Four experts on civil liberties, including PPSA’s general counsel Gene Schaerr, explored the tension between liberty and safety at a Federalist Society discussion on Section 702 of the Foreign Intelligence Surveillance Act on Friday.
A newsworthy declaration was made by Beth Williams, board member of the government watchdog, the Privacy and Civil Liberties Oversight Board (PCLOB) about balancing Section 702 reform with national security. Williams called Section 702 a “highly valuable” program that “provides irreplaceable intelligence” that generates two-thirds of the president’s daily intelligence briefing.
Williams added that all five PCLOB members, while disagreeing on many points, agreed that:
“While Section 702 is not a bulk collections program, we agreed that reforms to the program are in order to fix some problems with its operation, particularly by the FBI and to prevent its possible misuse for political and other improper purposes. This can be done without degrading the value of the program.”
This was a notable declaration given that Williams and board member Richard DiZinno had dissented from PCLOB Chair Sharon Bradford Franklin and the board’s majority on the need for warrant requirements and other reforms. Williams’ remarks validated a statement by Chair Franklin that no PCLOB member “has called for the program to lapse and also no board member has called for clean reauthorization of the program."
A sharp divergence in world views emerged between the constitutional vision of Gene Schaerr and a dark, dystopian future suggested by former NSA lawyer Stewart Baker.
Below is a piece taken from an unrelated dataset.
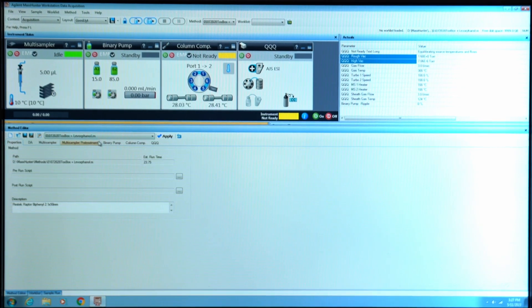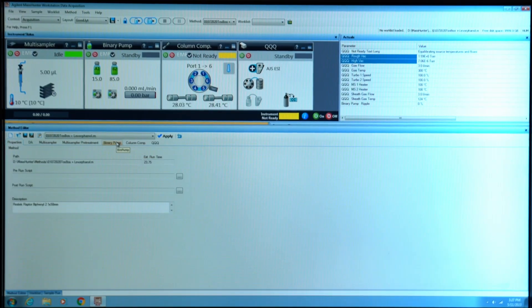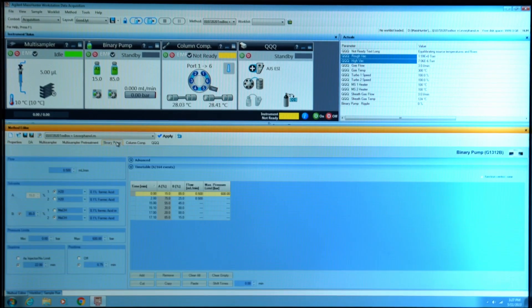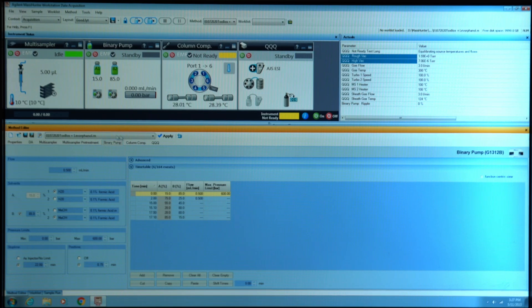Go to binary pump where you can see pump A and pump B.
Schaerr kicked off this part of the discussion by asking the Federalist Society audience to conduct a thought experiment by imagining what James Madison would say if we could bring him up back to life and up to speed about the many ways the FBI has to surveil Americans.
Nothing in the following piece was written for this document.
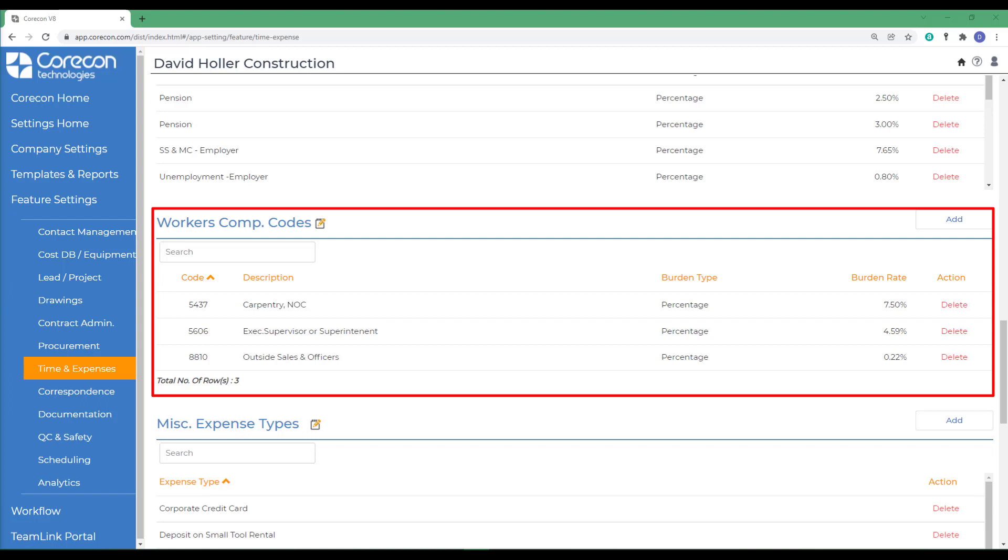When setting up CoreCon or an accounting system, it's very important that the proper workers' compensation codes are established in the system and later referenced on time cards. This will provide management the ability to generate summary reports by these workers' compensation codes that correlate to the workers' compensation policies when the corporation is set up for renewal.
“He would be horrified,” Schaerr said by the denigration of the Fourth Amendment and the breakdown between congressional and executive powers. Schaerr imagined Madison reminding us that the founders “decided that way we set up this government would be to accept some inefficiencies as the price of freedom.”
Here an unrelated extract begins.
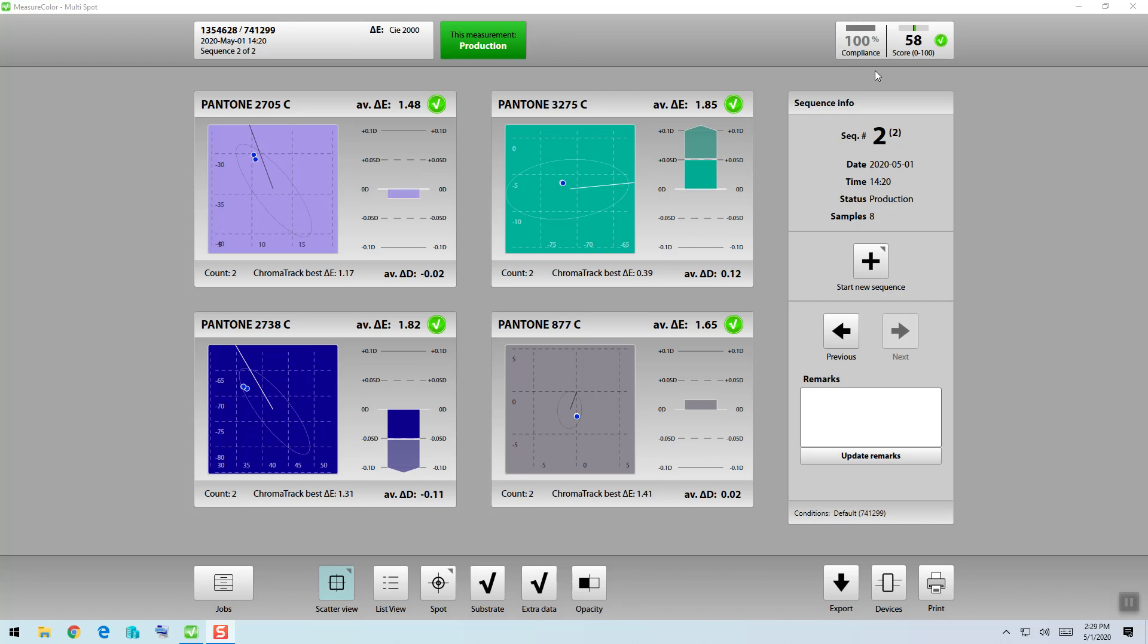Now the reason we go beyond this is because you can have a lot of measurements that are all technically passing your delta E tolerance limit, but we don't have a good idea of how close they are to going out of tolerance or how close they are on the other end to being a perfect color match.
Baker posited a world in which artificial intelligence enables anyone who wants to develop more lethal toxins and infectious diseases to do so, a world of weapons of mass destruction in the hands of “disgruntled teenagers.” Baker’s reply to Schaerr’s thought experiment: “I don’t think James Madison would come back and say, ‘well, you’re just going to have to live in my world and suffer 21st century consequences.’”
Gene Schaerr listed the “multipronged” ways the FBI can surveil Americans – from Section 702 information, to personal, sensitive data scraped by apps and purchased by the FBI and other government agencies from data brokers, to executive orders that allow the government to extract Americans’ texts, emails, and browsing histories from the cloud. Given the pervasive reach of such government surveillance, are the alarming fears of technology and hostile actors reason to give up on the Constitution and live in a surveillance state?
This discussion leaves us to decide: Do you agree with Stewart Baker, that we must embrace pervasive surveillance to survive? Or do you agree with Gene Schaerr, who concluded: “We can realign federal government surveillance powers with the founders’ vision of what our government can be.”